Der Bau der Bundesautobahn 14 Krefeld-Ludwigshafen wird die Landschaft im Kreise Ahrweiler erheblich verändern. Wer in etwa zwei Jahren vom Rheintal ins Ahrtal fährt, wird vor dem Apollinaris-Brunnen die Ahrtalbrücke erkennen, die wegen ihrer Länge und Höhe sicherlich ein Wahrzeichen des Ahrtals werden wird. Nach der endgültigen Fertigstellung der Autobahn im Jahre 1976 bzw. erst ein oder zwei Jahre später, wenn die Angrünung der vielen Dämme und Einschnitte sich an das vorhandene Gelände angepaßt hat, wird man feststellen können, daß in der heutigen modernen Zeit auch eine Autobahn sich gut in die Landschaft einfügen kann und die Brücken über die vielen Täler sogar eine Bereicherung der Landschaft darstellen können. Mitte der fünfziger Jahre mußte man bereits feststellen, daß die vorhandene Bundesstraße 9 für den Durchgangsverkehr nicht ausreichend war. Die rechtsrheinische Autobahn brachte für die B 9 nicht die erwartete Entlastung. Durch Verkehrsbeschränkungen für Lastkraftfahrzeuge wurde versucht, die B 9 zu entlasten. Diese Beschränkungen brachten jedoch nicht den gewünschten Erfolg.

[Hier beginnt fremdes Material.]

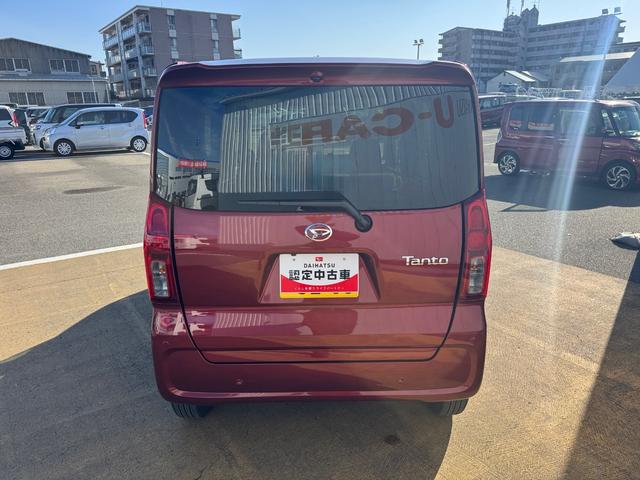 タントＸ新車保証継承付　弊社デモカーＵＰ　オーディオレス　バックカメラ付　片側電動スライドドア　　オートライト　ＬＥＤヘッドライト　衝突軽減ブレーキ　横滑り防止装置　アイドリングストップ　クリアランスソナー（福岡県）の中古車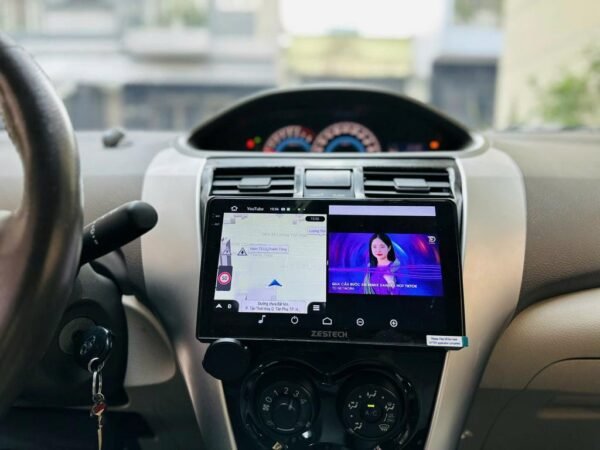 Alternative view of Màn Hình Toyota Vios 2010 Nâng Cấp Android Chuyên Nghiệp Lắp Đặt Tận Nơi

Vor mehr als zehn Jahren wurde daher mit der Planung einer linksrheinischen Autobahn begonnen und zwar noch unter dem Namen „KB 9″ (Ersatzbundesstraße 9). Die weitere Entwicklung, die Planung und der Ausbau des Autobahnnetzes in Rheinland-Pfalz haben dann baldigst diese EB 9 in das Bundesautobahnnetz mit eingeplant. Diese Straße wurde dann als linksrheinische Nord-Süd-Verbindung zwischen Kref eld und Ludwigshafen geplant, wo sie an das vorhandene Autobahnnetz anschließt. Sie hat die Bezeichnung „A 14″ (Autobahn Nr. 14) erhalten. Die Autobahn findet im Norden Anschluß an die Autobahn Köln-Dortmund, von dort in Richtung Hamburg oder Berlin sowie an die Autobahn Köln-Aachen mit Anschluß zu den Niederlanden und nach Belgien. Im Süden findet sie Anschluß an das bestehende Autobahnnetz. Ferner soll diese Autobahn die rechtsrheinische Autobahn entlasten.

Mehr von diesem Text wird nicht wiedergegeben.